In a flowchart, FIG. 1 shows the individual steps of a method according to a preferred embodiment or an alternative, respectively, for producing a load-bearing tool component 1.

In a first step S1, as start of the method, PBO fibers 4 (ZYLON® HM) as fiber components as well as epoxy resin as thermosetting matrix component 8 of a matrix system 6 are selected for a fiber-plastics composite 2 (see FIG. 2). Thereafter, the method progresses into a step S2, in which the matrix system 6 is provided. The matrix system 6 thereby has epoxy resin as a (thermosetting) matrix component 8. The matrix system 6 can thereby have only epoxy resin as thermosetting matrix component 8, but also further matrix components, such as, for instance, vinyl ester resin or unsaturated polyester resins.
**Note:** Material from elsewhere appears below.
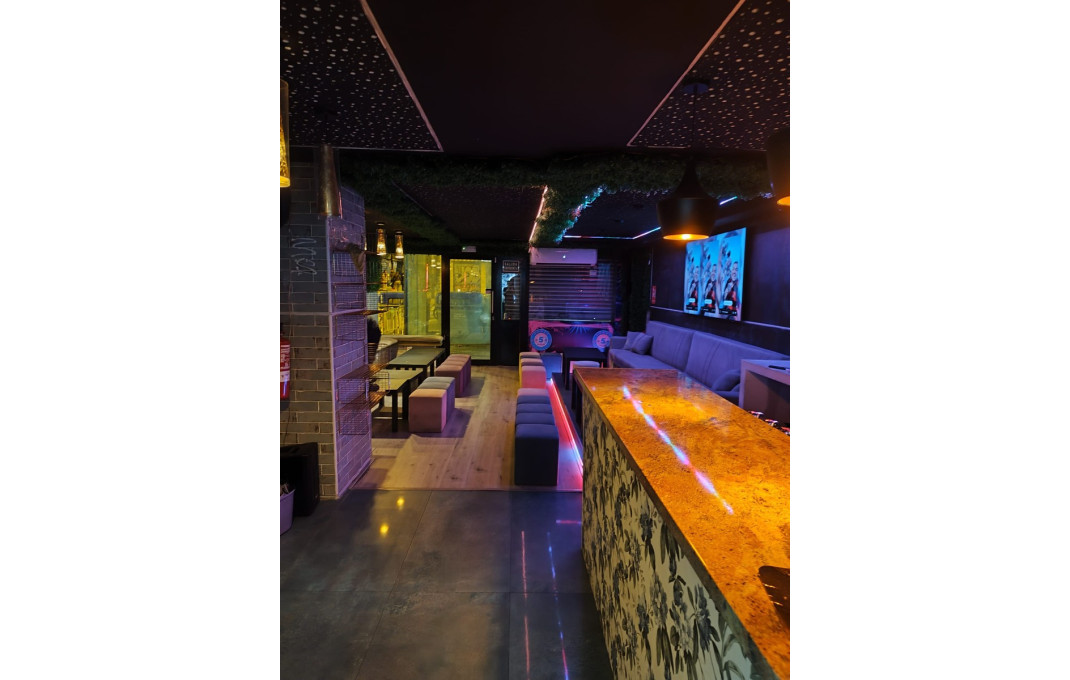 Traspaso - Bar-Cafeteria -
Barcelona - Sants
Step S2, providing the matrix system 6, comprises a step S2.1, providing a carrier film 10 (see FIG. 2) as well as a step S2.2, in which the unhardened matrix system 6 is applied to the carrier film 10.

The step S3, compiling PBO fibers with length distribution adapted to the field of use, takes place after the step S2. In this step S3, at least one PBO fiber roving 11 with circular or ellipsoidal/elliptical cross section is initially provided in a (first sub-)step S3.1. A (PBO fiber) roving is understood to be a bundle of parallel (PBO) fibers in the form of continuous fibers. The PBO fiber roving 11 is thereby unwound from a coil (not illustrated). So-called primary fibers and no recycled secondary fibers are used thereby. In a step S3.2, this PBO fiber roving 11 is thereafter formed into a strip-shaped PBO fiber roving 11′, which is as flat as possible, in order to attain the best possible fiber-matrix bond without disadvantageous hollow spaces, as described below. For example, the PBO fiber roving 11 can be guided via discharge devices and deflection rollers and can be fanned out as widely as possible. So as not to attain any continuous PBO fibers, the flat, strip-shaped PBO fiber roving 11′ is trimmed into PBO fiber cuttings 12 (see FIG. 3) of predetermined length distribution in a step S3.3. In this context, the term length distribution refers to the proportionate distribution of the present lengths of the PBO fibers, in the case of which the PBO fibers can be at hand of equal length (share of the single length in the length distribution is 100%, a single “peak”) or of a different length (trimmed) (at least two different lengths with respective shares of below 100%). One could also say that the length distribution is a function over the length, the value of which reflects the share of the length, wherein the sum of the share is 100%. In the event that the PBO fibers have different lengths, the length distribution can have, for example, exactly two or more defined, different lengths of PBO fibers. The length distribution can also be a normal distribution of the length of the PBO fibers by a maximum of a certain length. Together with optionally further fibers, these PBO fiber cuttings 12 form a fiber mixture. In addition to the PBO fiber cuttings 12, the fiber mixture can have further fibers, such as, for instance, carbon fibers. The fiber mixture can in particular have only the plurality of PBO fiber cuttings 12 of a single predetermined length.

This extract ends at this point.